§ AIM OF THE TASK:
Output, exactly as written, the lines below from the one that has "Kalanchoe Oricula Red" through the one that has "Dantano, by Diamond"; nothing else, and no pictures.

§ SOURCE DATA:
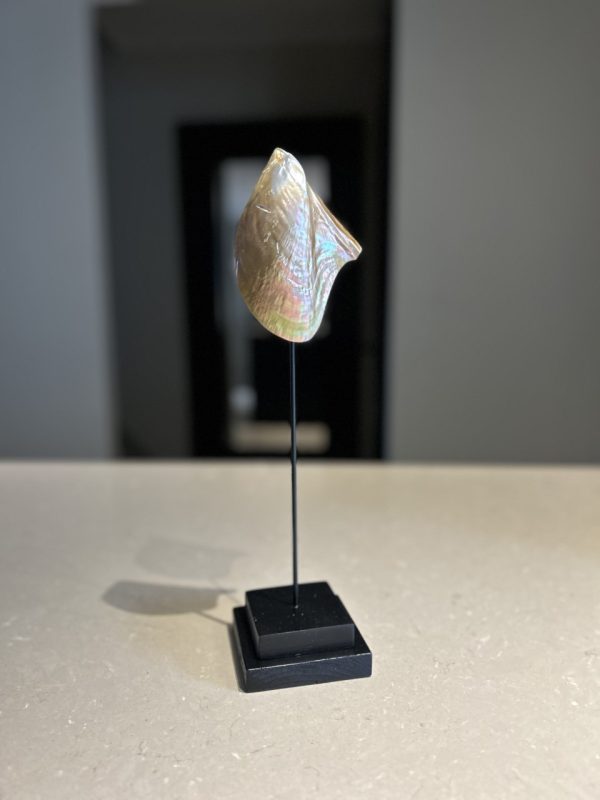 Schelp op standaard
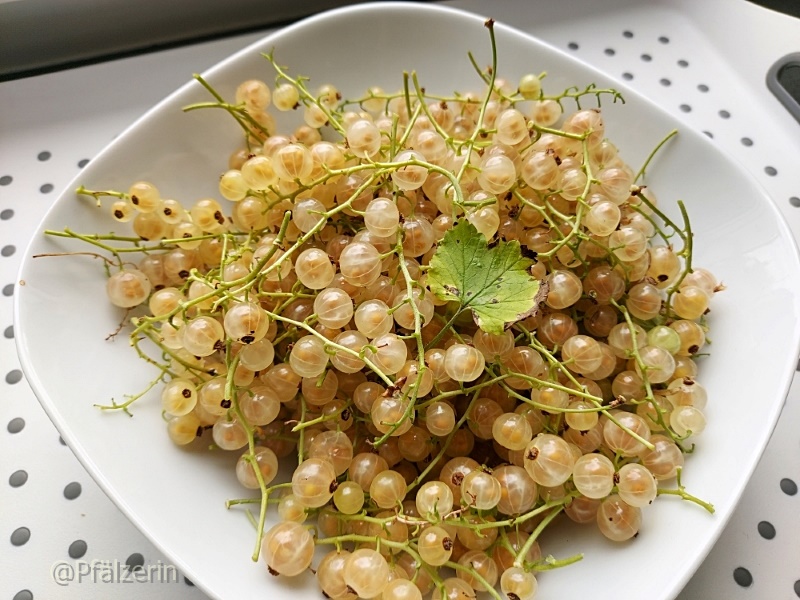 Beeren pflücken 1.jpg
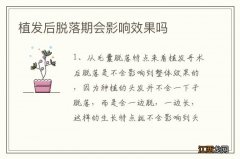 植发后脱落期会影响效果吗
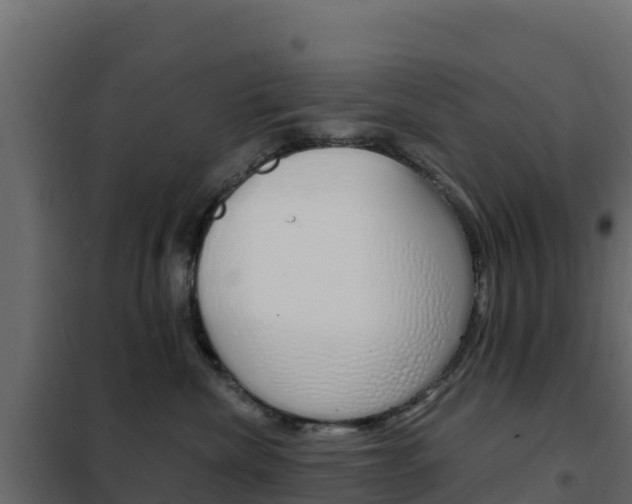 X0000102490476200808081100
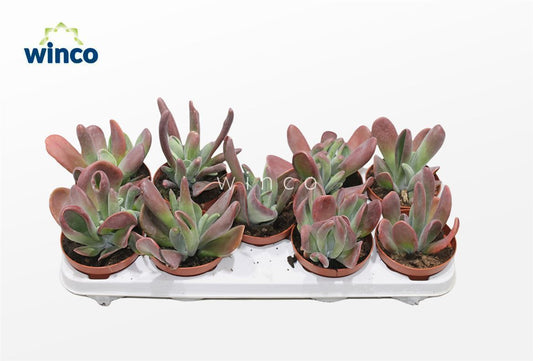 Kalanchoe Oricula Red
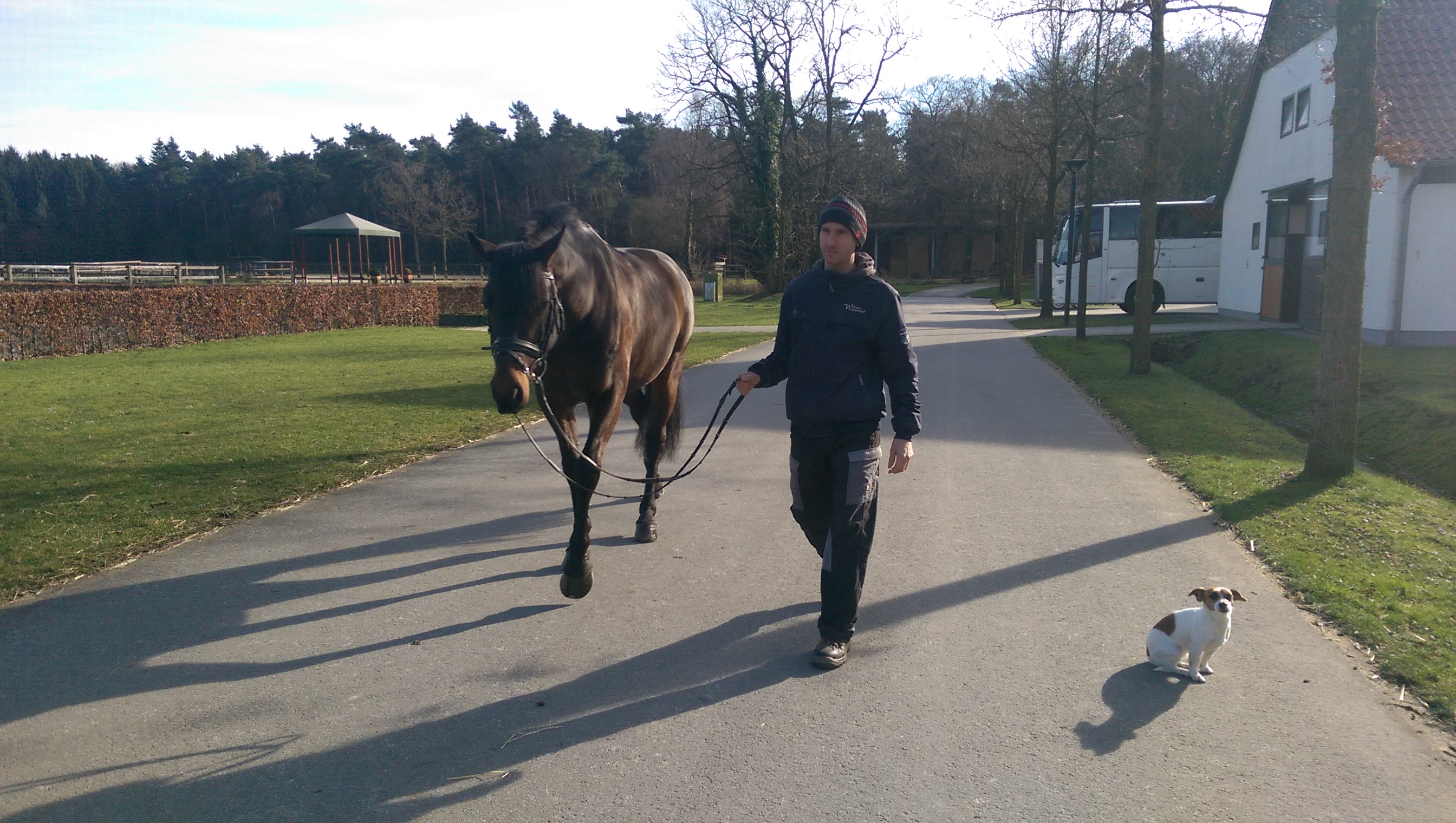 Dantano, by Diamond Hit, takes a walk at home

--

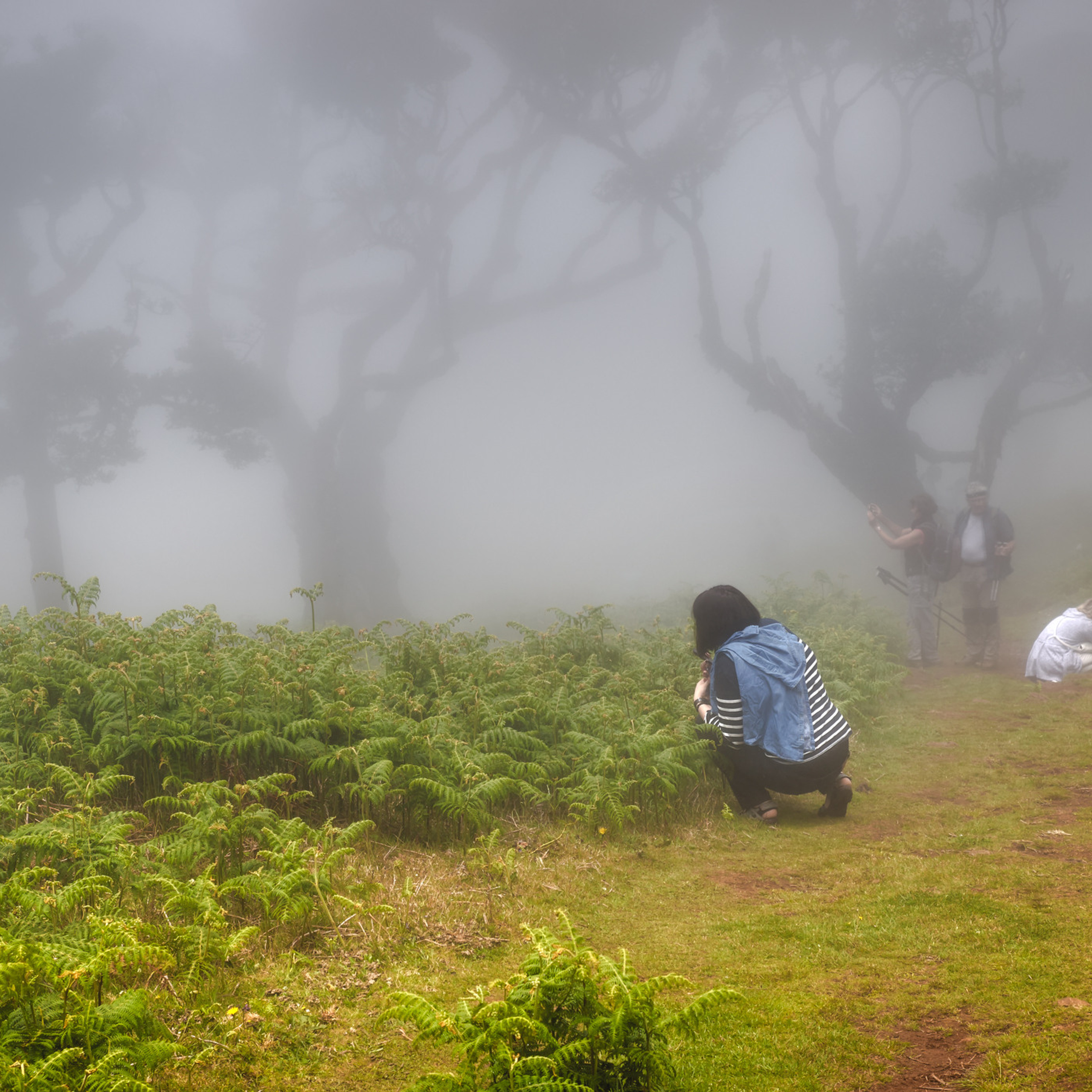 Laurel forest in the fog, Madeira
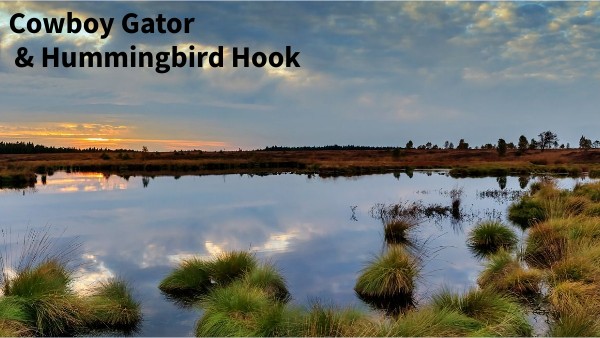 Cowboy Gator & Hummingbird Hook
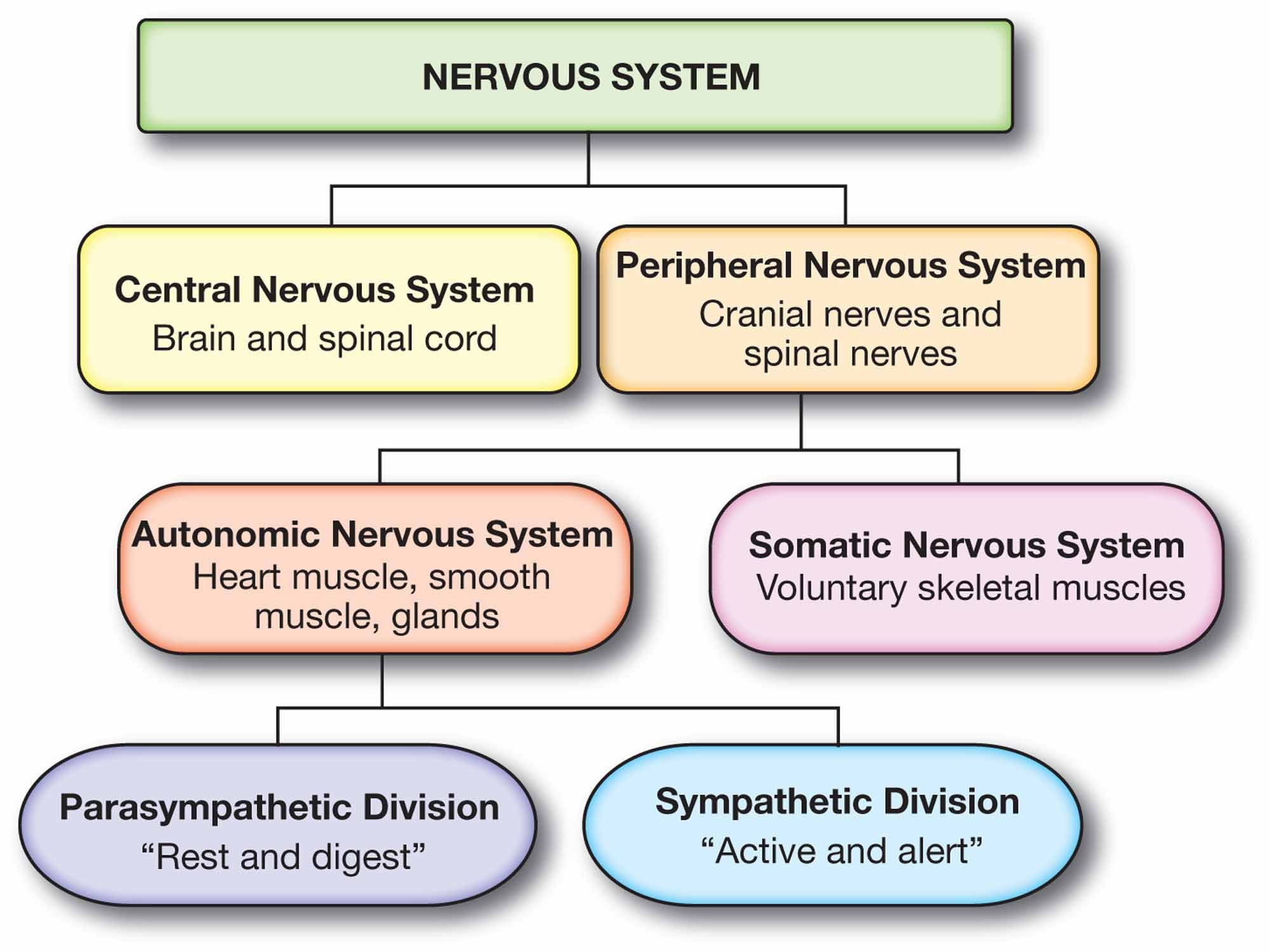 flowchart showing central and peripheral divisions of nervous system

§ TASK ANSWER:
 Kalanchoe Oricula Red
 Dantano, by Diamond Hit, takes a walk at home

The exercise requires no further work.